By Etheline Desir | Desir Group | LeadershipBrief.com
Last month, we shared the importance of “soft skills.” As a follow-up, this month we offer seven valuable soft leadership skills that can set you apart. These tips were found in Resourceful Manager, a website dedicated to helping leaders become more effective at their jobs.
1. Be Flexible and Adaptable to Changes
Employees will often look to their leaders during times of change for reassurance, guidance, and a sense of stability. Tip: Give employees the opportunity to share their thoughts, focus on the positive, and remain available to answer questions.
2. Communicate Effectively and Show Good Manners
People who are polite stand out and are well liked. Not only do good manners help cement positive relationships with employees, they also set an example for the rest of the team to follow. Tip: Always use people’s names when speaking to them, show interest in their lives, express appreciation and recognize contributions, make your colleagues feel important, and be sure to say “please” and “thank you”. We are told that words have just a 7% impact on the listener’s interpretation, while body language has a 55% impact.
3. Delegate to Leave Room for Strategy and Urgencies
While delegation may seem like a simple task, it actually requires a great deal of finesse and people skills to motivate employees to do the work and get it done effectively.

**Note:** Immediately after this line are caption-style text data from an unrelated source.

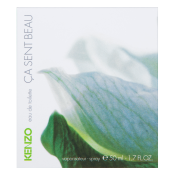 Kenzo Ca Sent Beau toaletná voda pre ženy 50 ml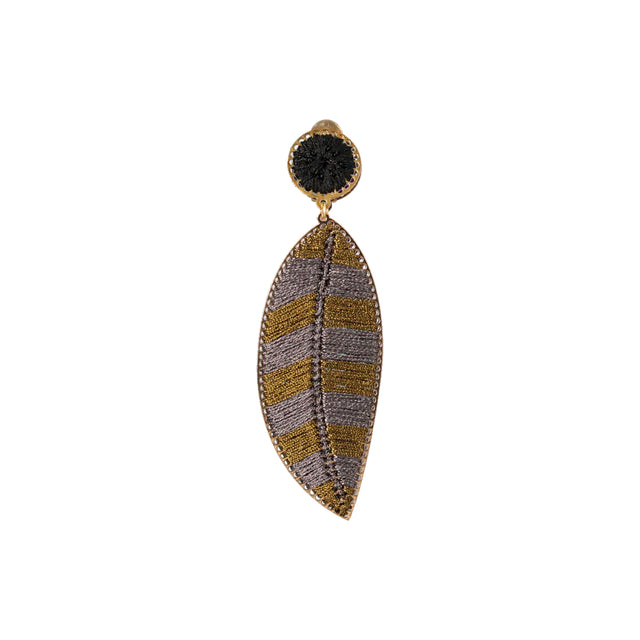 CEIBA EARRINGS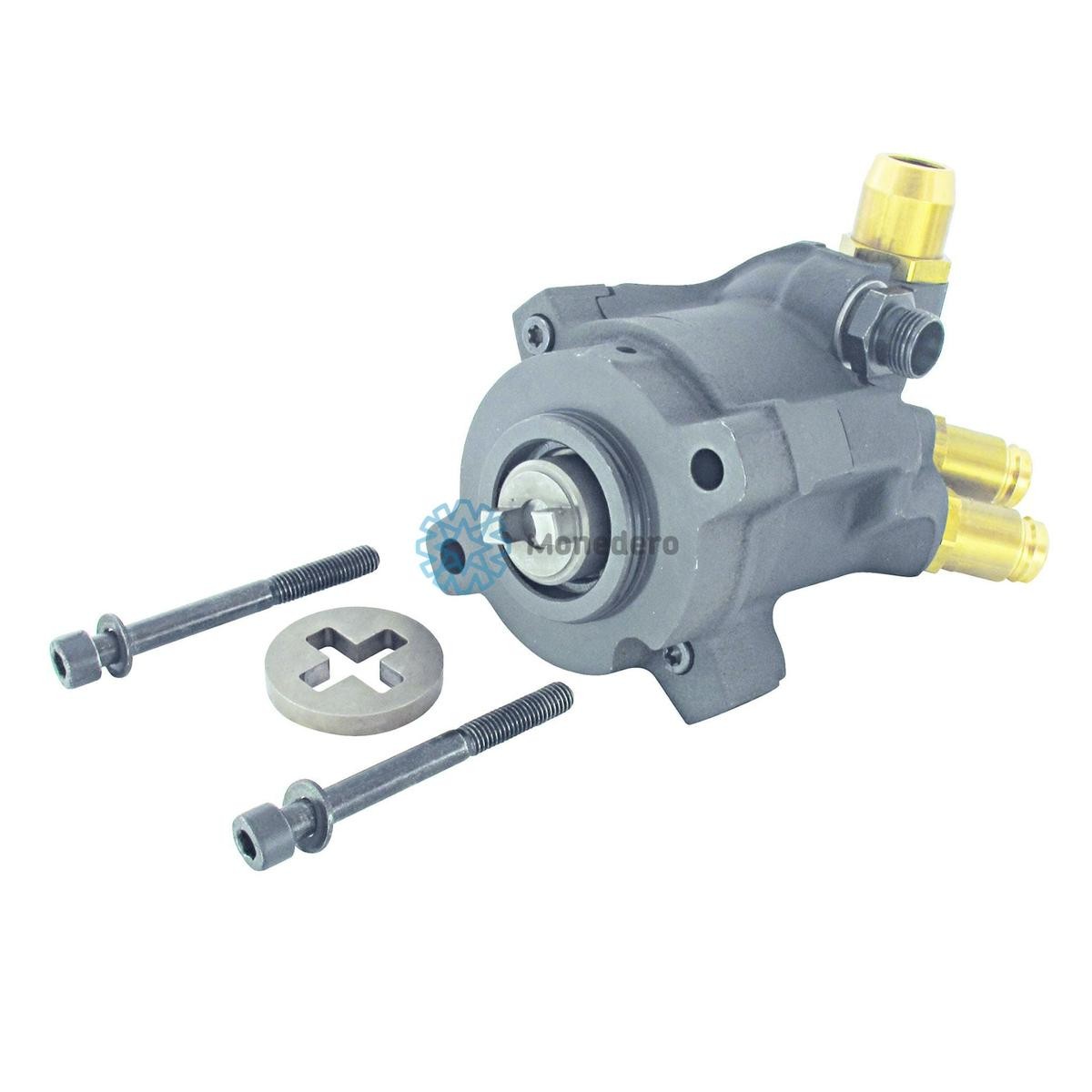 MONEDERO Mechanical Ø: 115mm Fuel pump motor 40014000001 buy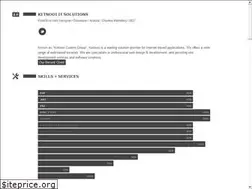 Sites similar to ketnooi.com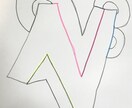 広告のポスターや商品を作成します わかりやすいチラシやポスターを作成します。 イメージ2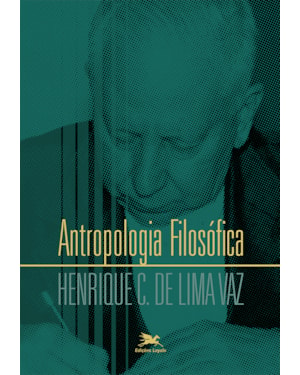 ANTROPOLOGIA FILOSÓFICA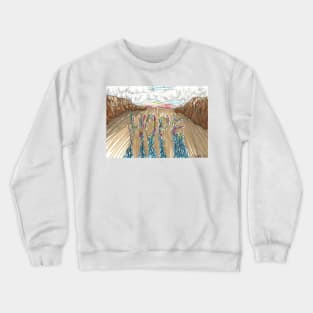 Hope Crewneck Sweatshirt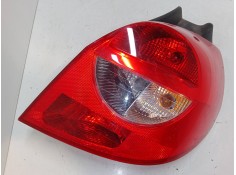 Recambio de piloto trasero derecho para renault clio iii (br0/1, cr0/1) 1.5 dci (c/br0g, c/br1g) referencia OEM IAM 89075790  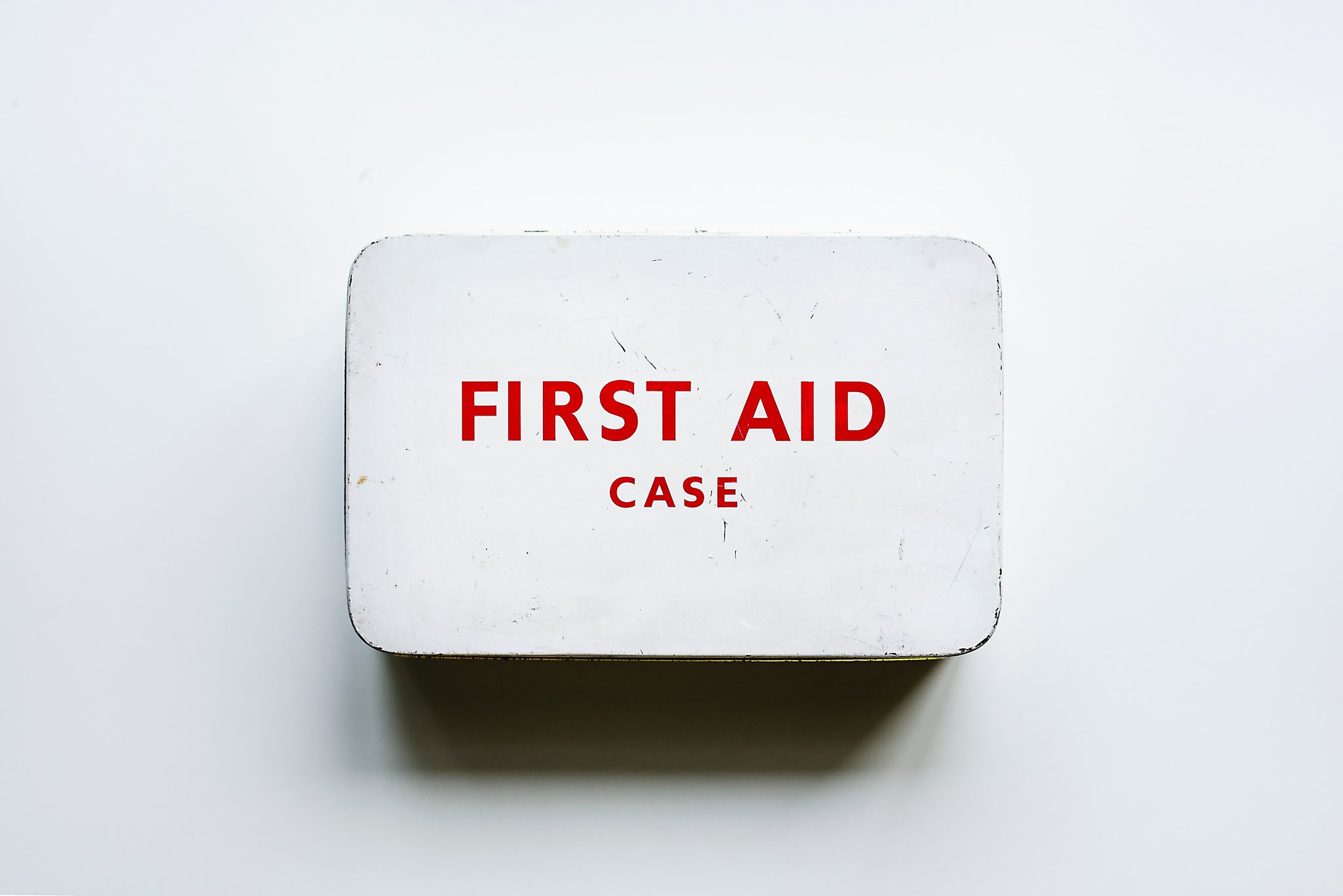Natural Remedies for Your First Aid & Survival Kit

Tip: Make goals clear and be specific about the expected results; lay out challenges and discuss obstacles employees may face and offer available resources.
4. Recognize and Verbally Praise Good Work
The best leaders are adept at expressing recognition beyond a simple pat on the back. Tip: Recognize people for different types of accomplishments, celebrate good work at meetings where others can congratulate them, and make the praise personal.
5. Seek to Find Winning Solutions when Negotiating
Most leaders are negotiating throughout the day — with the medical staff, patients and their families, employees, and with friends and family. The most successful negotiators remain fair and considerate of others to seek win-win outcomes. Tip: Look at the situation through the other person’s eyes. Be prepared to offer several options when possible, show that you’ve heard and understand the other side, and offer to help out in some way to demonstrate that you are a team player.
6. Be Decisive in Handling the Bad Apples that can Jeopardize Workplace Harmony
Leaders must know how to deal with these employees, especially because others will judge the leader based on how he or she handles the situation. Tip: Tackle the problem as soon as possible; use documented information when pointing out unacceptable behavior, implement a plan for correcting the behavior, and follow up often to ensure the positive change is permanent.
7. Demonstrate Active Listening
Give the speaker your undivided attention and use positive body language and gestures to show that you are engaged. Take notes, reserve judgment, provide feedback, and be open to opinions that are different than yours.
Remember that hard skills are taught, learned and quantifiable. Recruiters look for hard skills on your resume to gauge how well you will be able to perform job duties. Soft skills, on the other hand, are people-related attributes. As you move up the corporate ladder, greater emphasis is placed on executive soft skills as they are what make you an effective decision maker and leader.